Publishing "It's Always Been Done that Way" ranks up very high with the most nerve-wracking moments of my life. Tied up in it were feelings I'd held onto for years across multiple workplaces. This post turned into my first ever preconference and keynote. I basically spent all my 2016 extracurricular time telling people about all the things 20-year-old me would be ashamed to even recognize, let alone recount.


Saying "no" to professional opportunities:

At 20, librarianship was so far off my radar it didn’t even occur to me that it was a field to enter. It feels so odd, then, that as of April 11 I’ve officially been a “librarian” in title longer than I’d been an “educator” in title. Of course, my roles highly involve education, and libraries and education are indeed linked.

Professionally, I’ve always had one goal: be marketable enough to maybe actually get a job in whatever place I wanted to live. I had no idea what I wanted to do except that I knew I needed a job. So I was basically driven toward a goal I couldn’t name; but I was running, constantly. Couldn’t let a job or an internship or an opportunity pass me by. The sheer number of extracurricular projects I was involved in sounds exhausting to me now, but I somehow made it work. Reading about the poetry and plays I was writing 15 years ago, though, made me thankful that I found jobs where I could continue to write (even if I’m writing Memorandums of Understanding and curricula and grant applications rather than a scene inspired by Capote’s “Children on their Birthdays” where my interpretation of the assignment was completely off-base but HEY I ACTUALLY WROTE A SUCCESSFUL SCENE SO THERE, ARTSY KID WHO GAVE ME A WORSE REVIEW THAN THE INSTRUCTOR DID AND WHOSE WORDS I SPECIFICALLY REMEMBER AND YEAH I’M TOTALLY OVER IT).

Since I started my most recent job in 2015, I've been taking some time to take opportunities as they come. This, even, nearly felt unsustainable in 2016; but I got through that year of extracurricular work and now it appears that opportunities come in gentler waves. I've had to say "no" to some of them; and even adding the "had to" to the "say no" part doesn't really satiate my 20-year-old self who would argue that not pursuing every single professional lead is akin to giving up. 35-year-old me knows rationally that skipping a conference or not submitting a proposal and relying on invitations to mitigate my workload is Just Fine and means that I get to spend more time laughing with Caleb at our cats. But it's in these times that I feel as though I'm doing the scariest thing, to be honest. Melissa Depper's series on saying "no" really helps.



TL;DR

So, 20-year-old would be scared of 35-year-old me, but I hope I'd be grateful, too. I mean, 35-year-old me did the work so 20-year-old me can go take a nap. If there’s anything 20-year-old me was in need of, it is so very clearly a nap.
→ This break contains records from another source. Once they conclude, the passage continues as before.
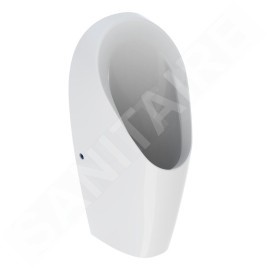 Geberit Urinoirs - Urinoir Tamina, sans eau, blanc 116.141.00.1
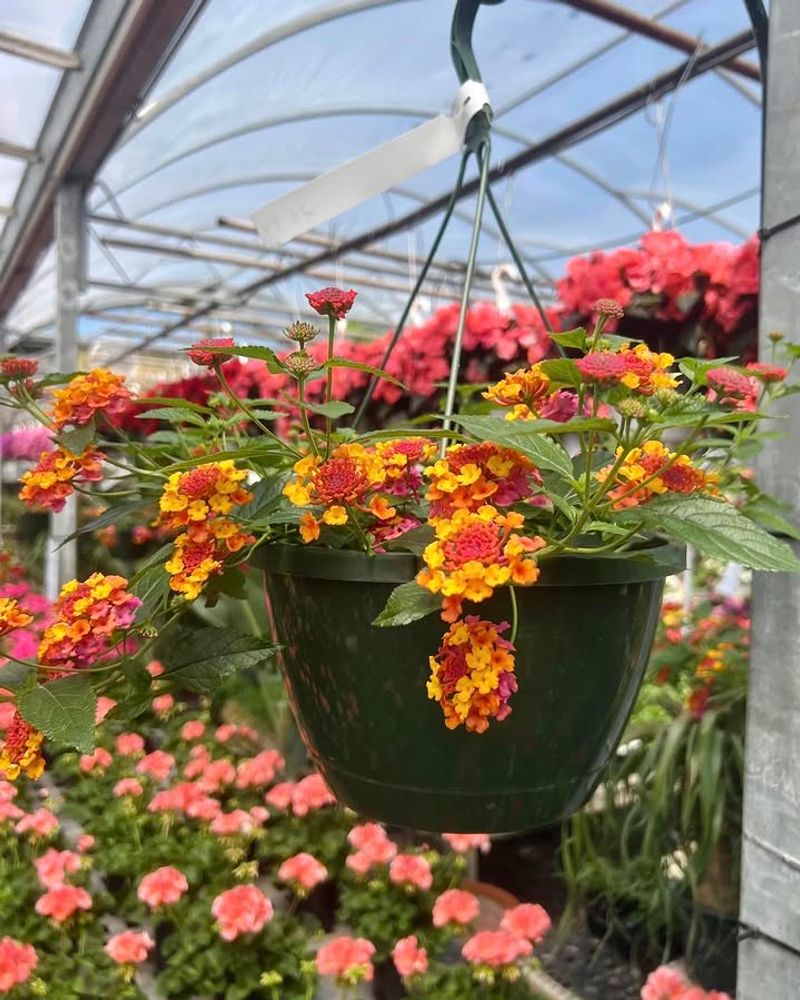 Lantana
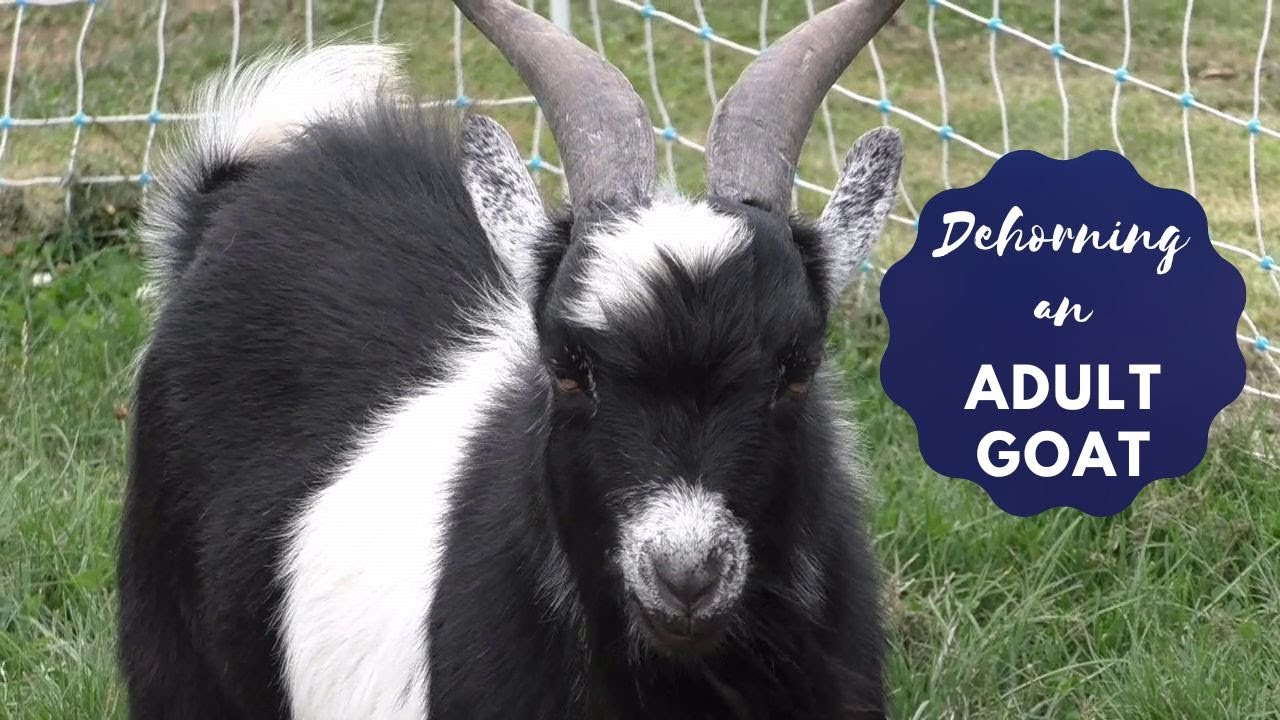 Dehorning An Adult Goat Using Bands YouTube how-to-disbud-dehorn-baby-goats-youtube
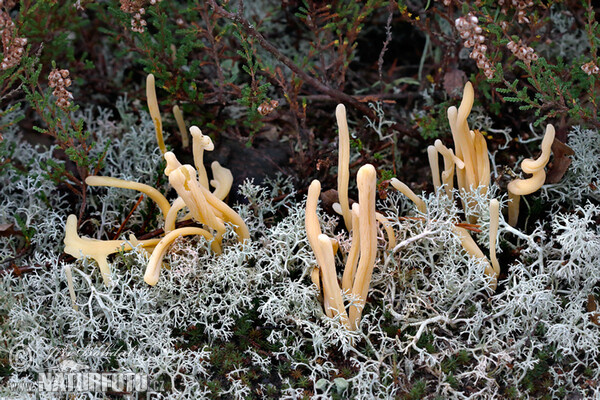 Kyjanka hlínová (Clavaria argillacea)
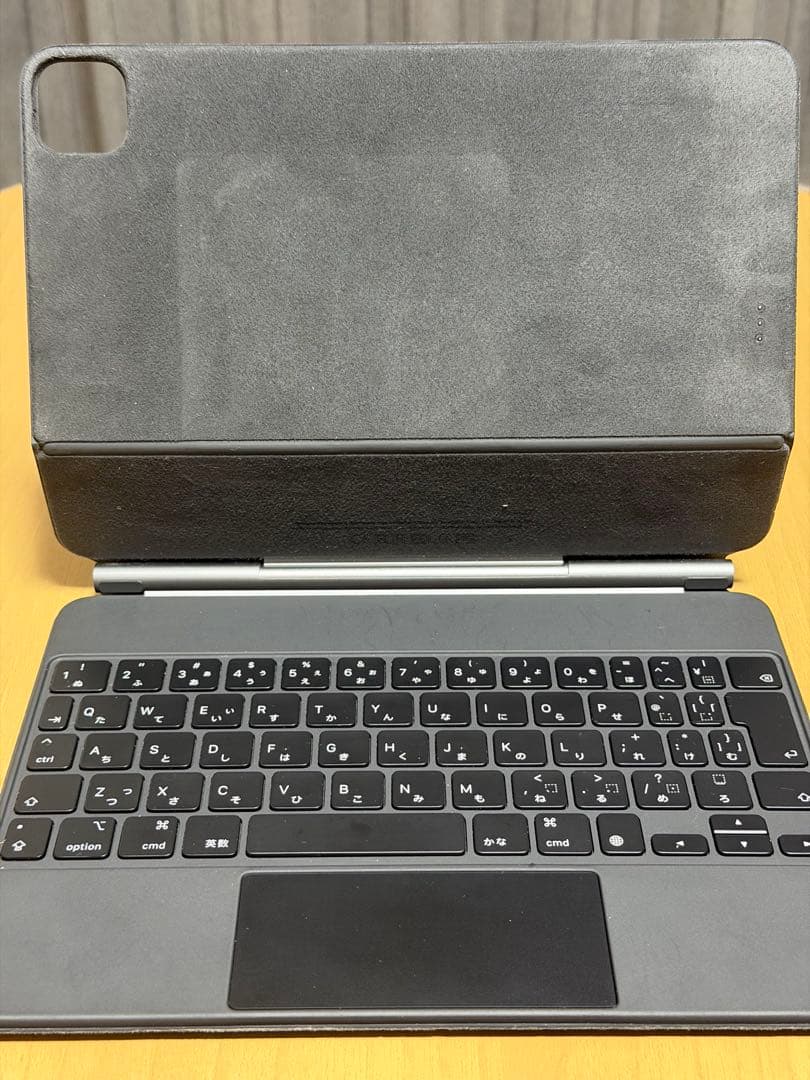 iPad本体 endo far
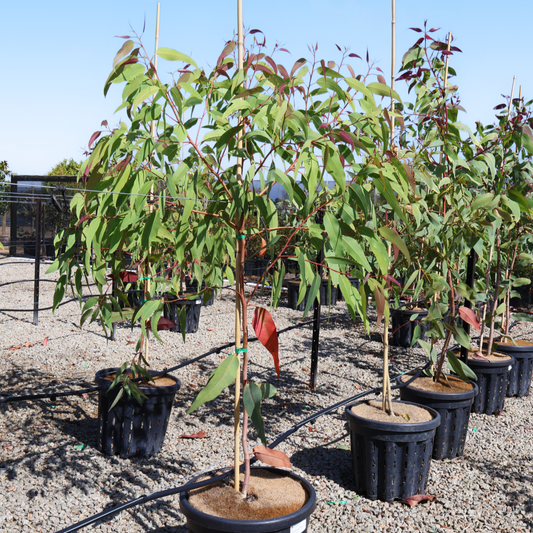 Corymbia exima 'Nana'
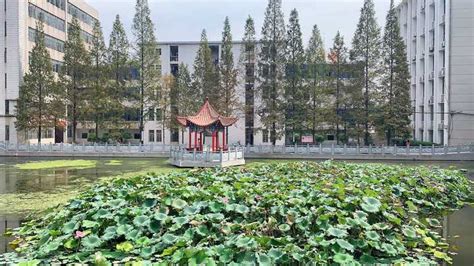 湖北师范大学 - 湖北省人民政府门户网站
In 15 more years I’ll be 50. I have no idea what will happen or what I’ll be doing or where I will be. Maybe there’s scary things I will still actually do. Maybe I'll be like "WTF was 35-year-old me thinking." If there’s anything I learned from 20-year-old me, it’s that not having a clear picture of what that will look like is okay.
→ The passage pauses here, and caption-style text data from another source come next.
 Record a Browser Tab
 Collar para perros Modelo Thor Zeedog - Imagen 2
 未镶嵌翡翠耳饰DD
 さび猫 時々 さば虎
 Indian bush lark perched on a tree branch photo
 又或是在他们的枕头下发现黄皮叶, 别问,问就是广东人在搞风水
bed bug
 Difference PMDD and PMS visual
What I do know is, in the event I’m actually still alive, that 50-year-old me may not Have it All Together and Have it All Figured out, still. And that will also have to be okay.


*My undergrad nickname was Pegleg (or PL, or Leg), bore from a dream a friend had. I have a limp that becomes pronounced when I get tired, and in the dream my friend walked in on me treating wounds from an ill-fitting prosthetic limb; apparently I had told no one about the prosthesis or that it hurt. Embracing the subsequent nickname was the first time I tied my identity to my disability in a public way. If you ever want to get my attention in a crowd at a conference, "Pegleg" is the best call to use. I know that Anna has done this successfully at least once.
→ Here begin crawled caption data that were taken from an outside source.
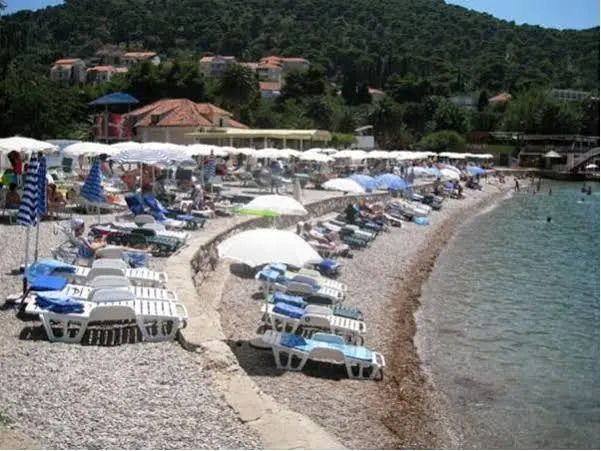 Apartman Adriatica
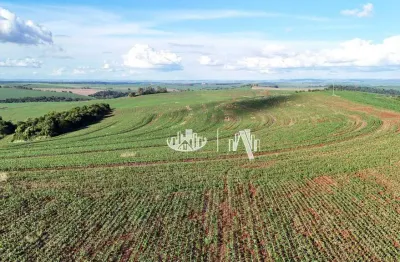 Fazenda à venda, 4065600 m² por r$ 32.000.000,00 - zona rural - cornélio procópio/pr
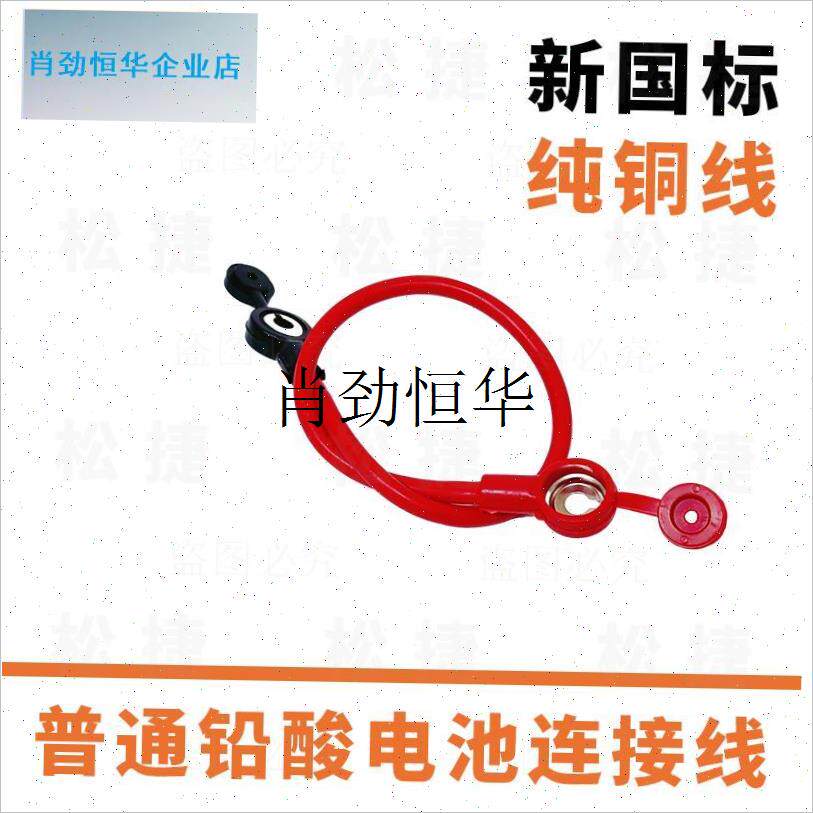 l九号电动车原厂铅酸保险电池连接线/5M0安温控连接线保险片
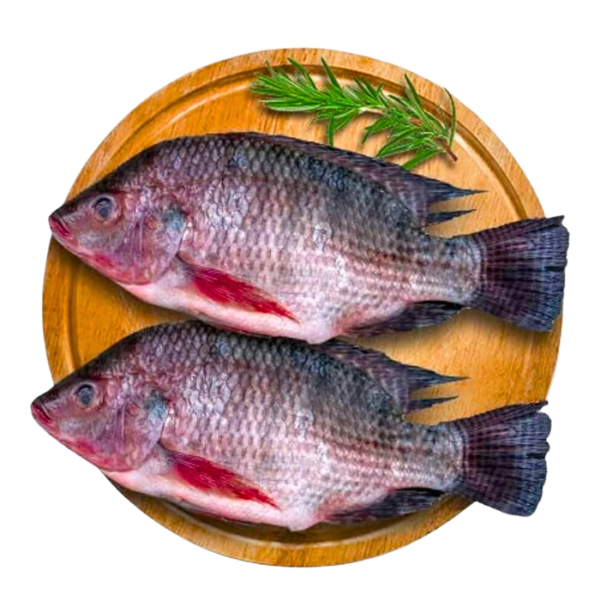 Tilapia Fish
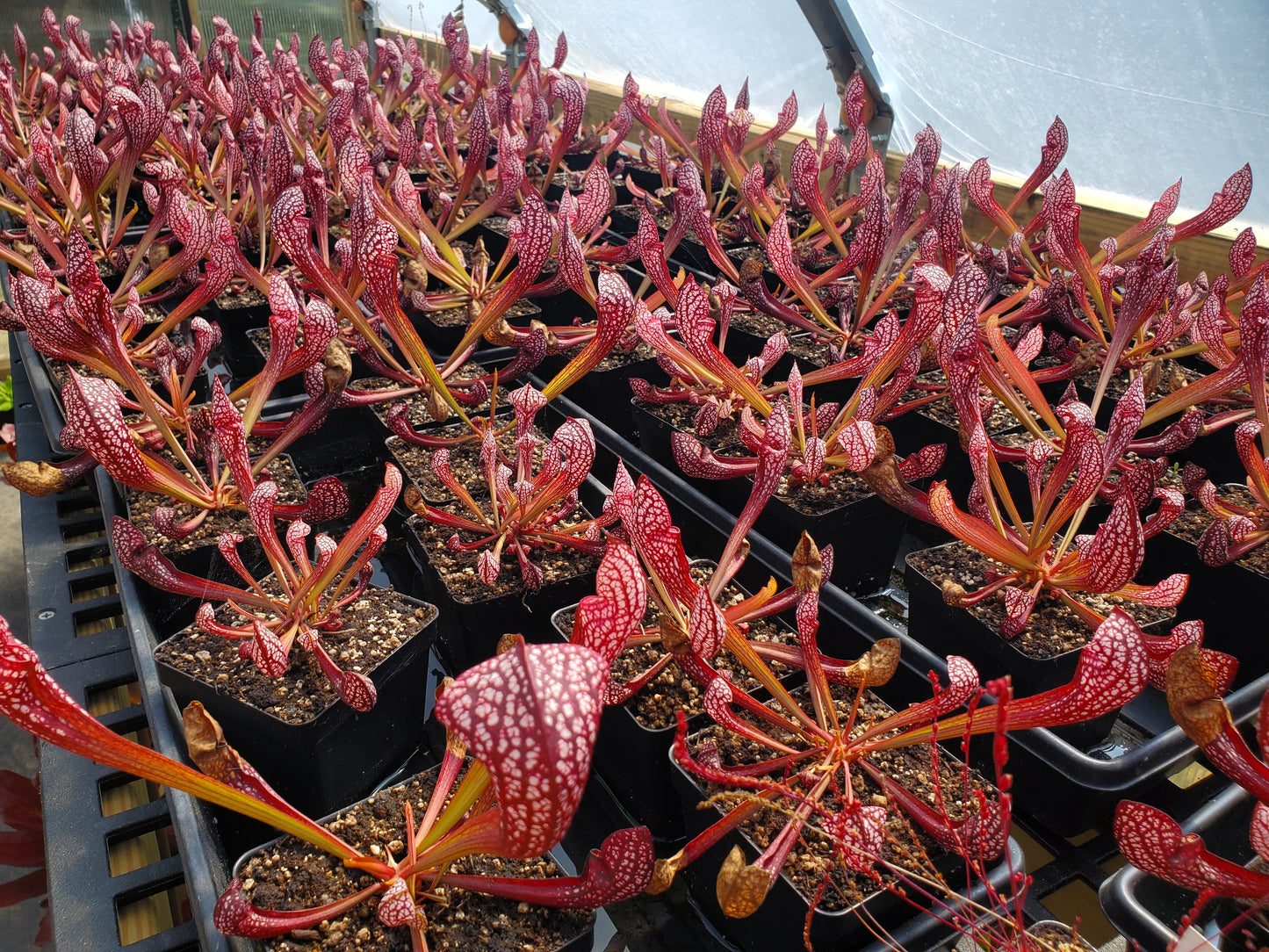 Sarracenia 'Scarlet Belle', live carnivorous plant, potted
**Someday I will go into how media, out of necessity, shaped my view of PWD and myself as a disabled person, but today is not that day.


***A couple months ago I was joking with Caleb and brought up being a cyborg. Funnily enough he ended up saying, "HA! I know better. And we're married." So I guess that's the end of that.


What are some things you're doing now that would surprise (or scare) Past You?